16th Air Force Leads U.S. Participation in NATO Cyber Coalition 2025

  • Published
  • By 16th Air Force (Air Forces Cyber) Public Affairs
Sixteenth Air Force (Air Forces Cyber) participates as the U.S. representative in NATO’s flagship annual Cyber Coalition exercise Nov. 28 – Dec. 4.

Cyber Coalition 2025 brings together 29 NATO Allies, seven partner countries, the EU, more than 1,300 participants, and collaborators from academia and industry to exercise and test the integration of cyberspace into Allied operations and missions.

For the seventh consecutive year, 16th Air Force will participate as the Allied cyber Air Component Command, supporting exercise operations across four time zones. The command will also continue its cyber operator swap initiative, integrating U.S. cyber operators with Romanian and Georgian teams to further deepen interoperability, readiness and strengthen collective cyber defense and resilience in cyberspace.

“Exercises strengthen our competitive edge, increase interoperability and readiness so we can better defend the homeland,” said U.S. Air Force Lt. Gen. Thomas Hensley, 16th Air Force commander. “What our cyber warriors do here during Cyber Coalition further underscores our network of Allies and partners is an asymmetric advantage that our adversaries can never hope to match.”

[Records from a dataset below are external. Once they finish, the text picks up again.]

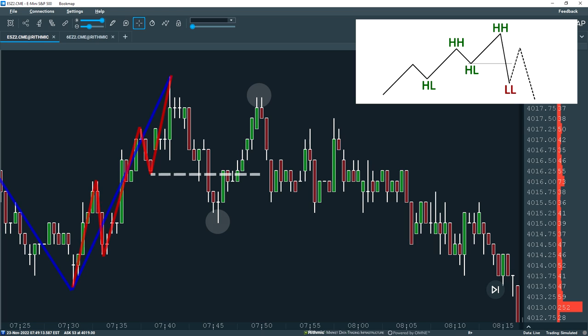Many of you will be thinking, if only it was that easy, right? And of course, this is all cherry-picked hindsight for the purpose of providing an example of how market structure can be used when trading. But this leads nicely onto the limitations of market structure and the final trade setup I'm going to share with you.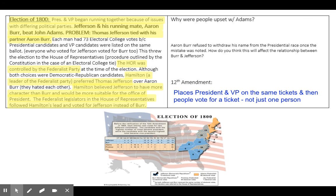This next clip is from the musical Alexander Hamilton, talking about the election of 1800. Then we have another clip that shows and talks about the duel between Aaron Burr and Alexander Hamilton.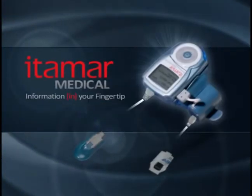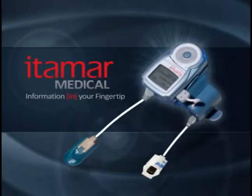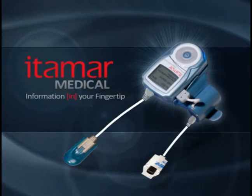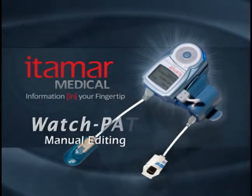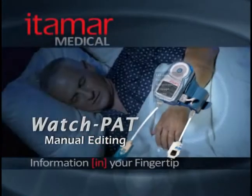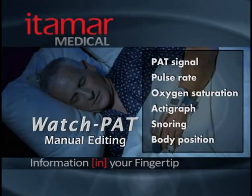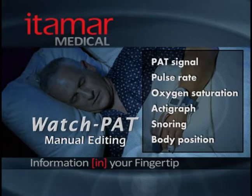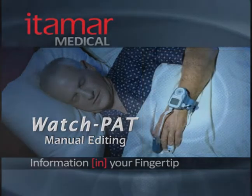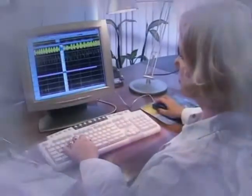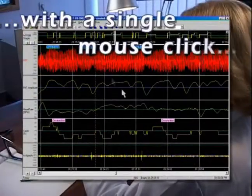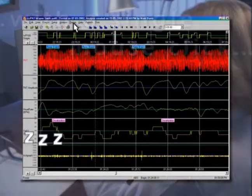Manual editing of automatic scoring using WatchPad is easy. WatchPad provides six channels of data for review by the sleep specialist. The software's manual rescoring process is intuitive and easy.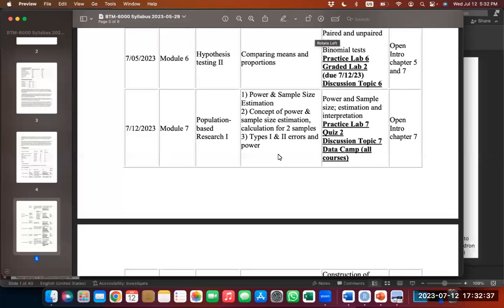Welcome back. So this is Module 7 today. We're going to discuss population-based research, and we're in the first chapter of that. We will be talking today about power and sample size estimation. We will also talk about analysis of variance.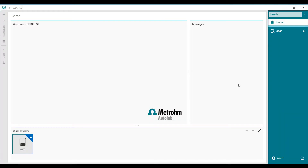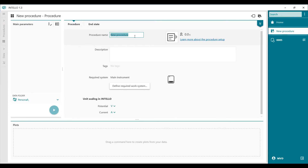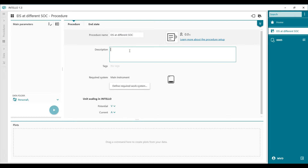We start a procedure from the beginning, so we go to Procedures and press the plus button to create a new procedure. We give it a name — for example, 'EIS measurement at different state of charge.' In the description you can describe your cell; we have a coin cell.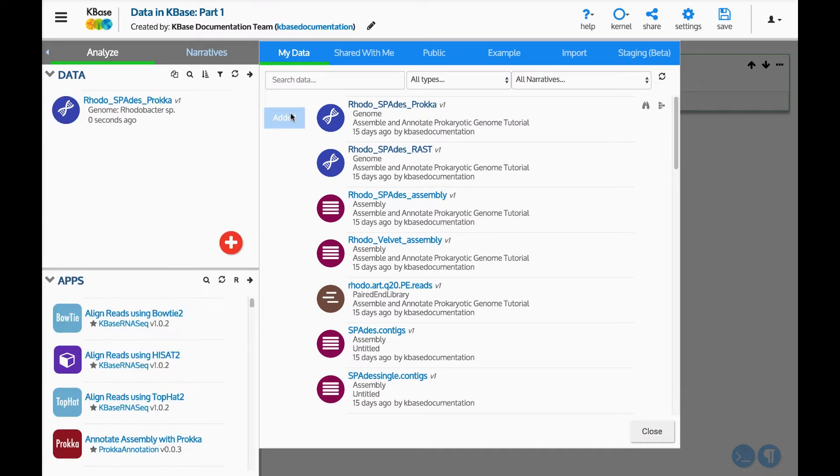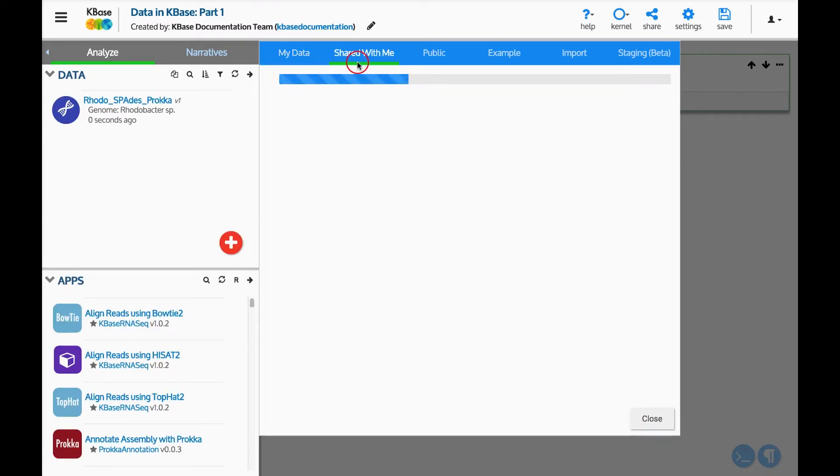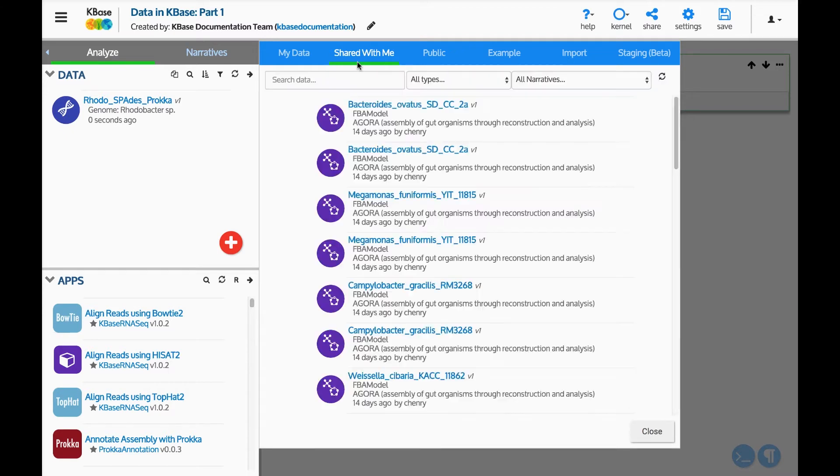The Shared With Me tab contains data from narratives that have been shared with you by collaborators. It will be empty if no narratives with data have been shared with you.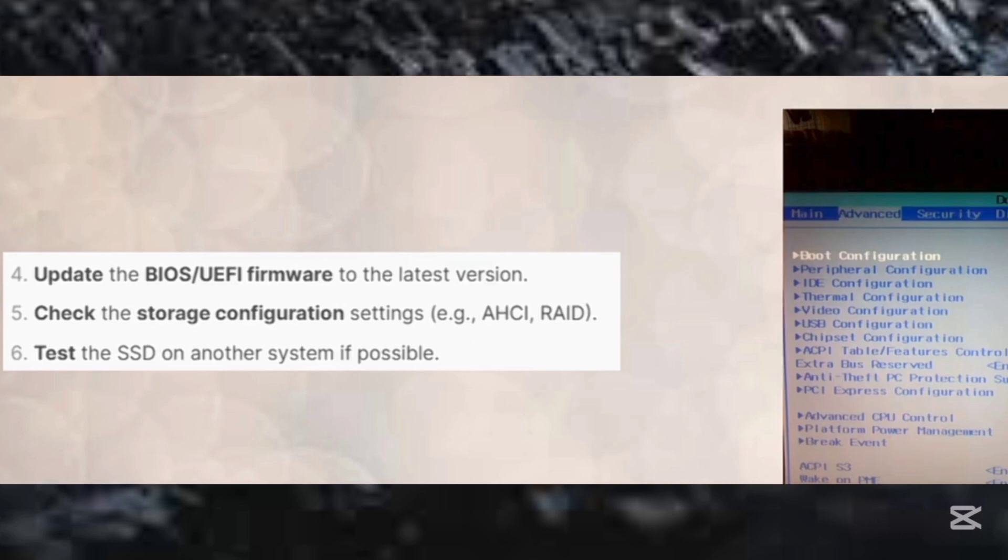And then step number six, test the SSD on another system if possible.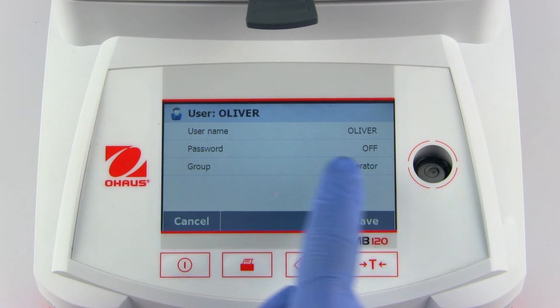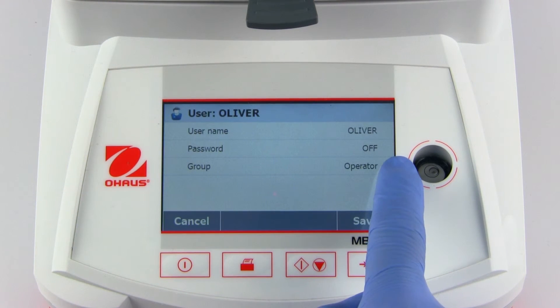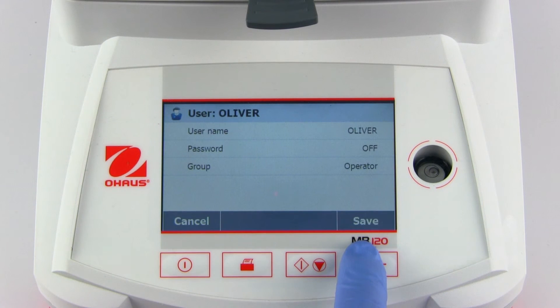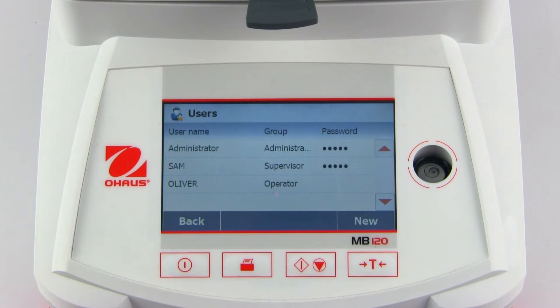Oliver will be assigned to the operator group by default. Since Oliver is an operator, he does not require a password. Anyone can log in as Oliver and make a measurement.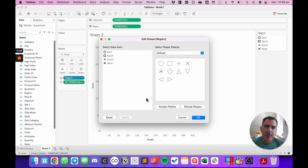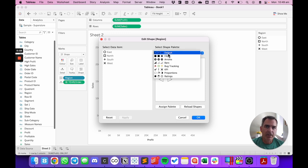Looking at the shape palette for Tableau, notice that I have a shape assigned to each region. If I click on the shape palettes, I only see those that come with Tableau by default. This is where I want to add a custom shape palette.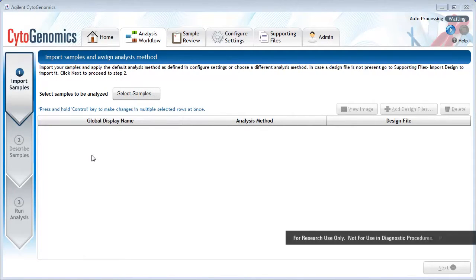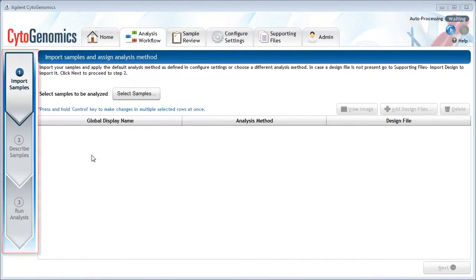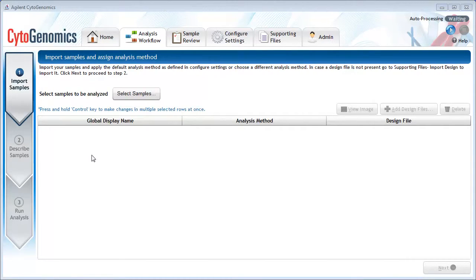This video tutorial describes how to manually set up and run an analysis workflow on your microarray sample data. This is done on the program's Analysis Workflow screen. Displayed on the left of the screen are the steps for setting up and starting the analysis workflow.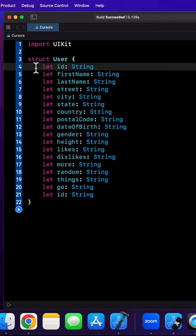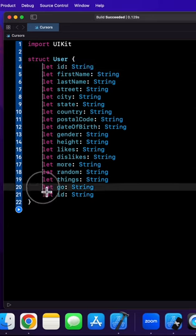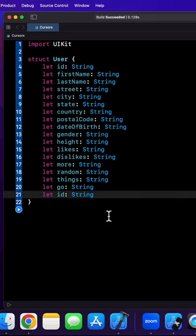Pro tip in Xcode to save a bunch of time. Sometimes when you've added something and you don't wanna copy and paste on multiple lines, you can use multiple cursors. Hold option, click and drag, and boom — multiple cursors.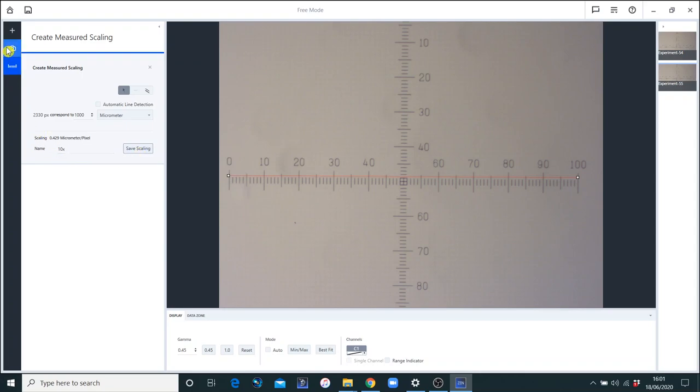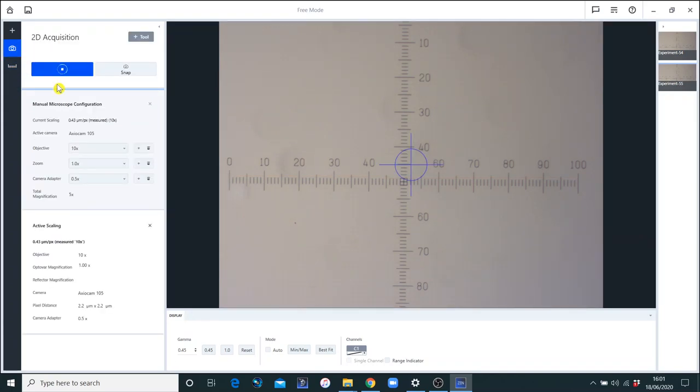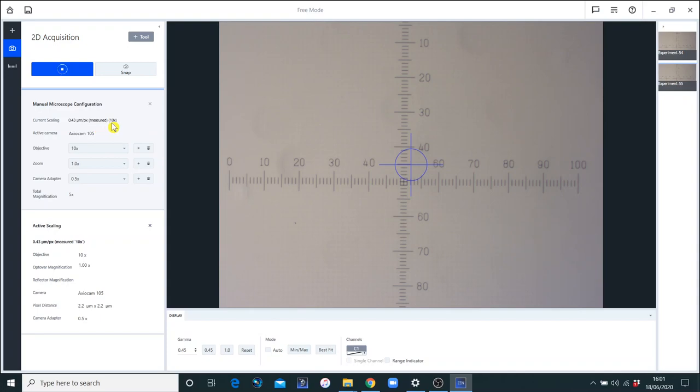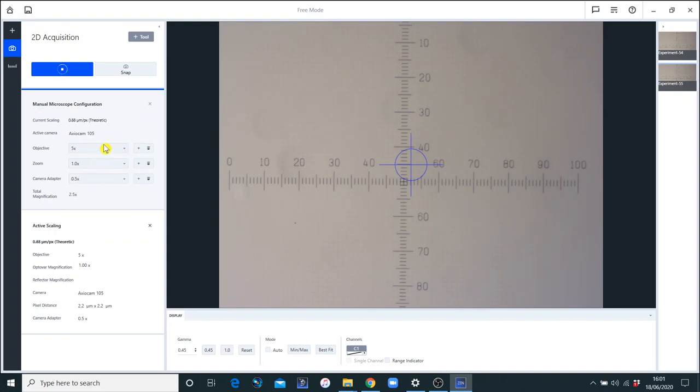And as long as you've used the name 10x, when we go back to the image now, we can see that we have a different number, slightly different number, a very slightly different number, but it says measured. So we've created a measured scale rather than a theoretical scale for the 10x objective. You can confirm that by looking at a different objective, and you see here it says theoretic. And here for 10, it's measured.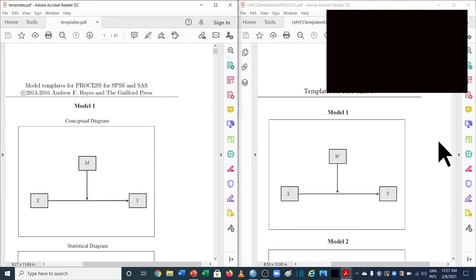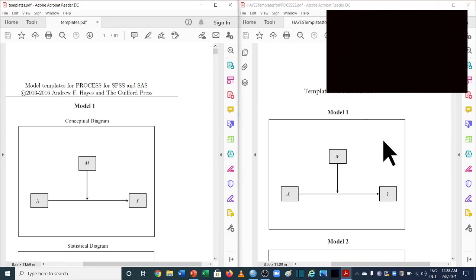Welcome to another video of Espresso's video series. The main purpose of this video is to differentiate between the new PROCESS macro developed by Andrew F. Hayes. Previously they were using version 2.5 and currently they're using version 3.5. We will talk about the differences in the two macro versions and then analyze data related to model numbers 1, 4, 6, 7, and 14.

Cyber Coalition 2025 focuses on NATO, Allied nation and partners’ ability to deter, defend against, and counter threats in and through cyberspace. The exercise tests cyber operator’s skill at conducting collective cyber operations, mechanisms for information-sharing, incident response and the integration of cyberspace into multi-domain operations.

“Cyber Coalition allows us to train side-by-side with our NATO Allies and partners to detect, deter, and defeat threats before they reach our homelands,” said Candace Sanchez, 16th Air Force lead exercise planner. “When we collaborate, share, and defend forward together, we secure our collective future.”

The exercise challenges participating teams with complex, realistic scenarios - including attacks against critical infrastructure, cloud services, government networks, military operations and cyberattacks on space-based systems and supporting infrastructure-which will require synchronized responses across the Alliance.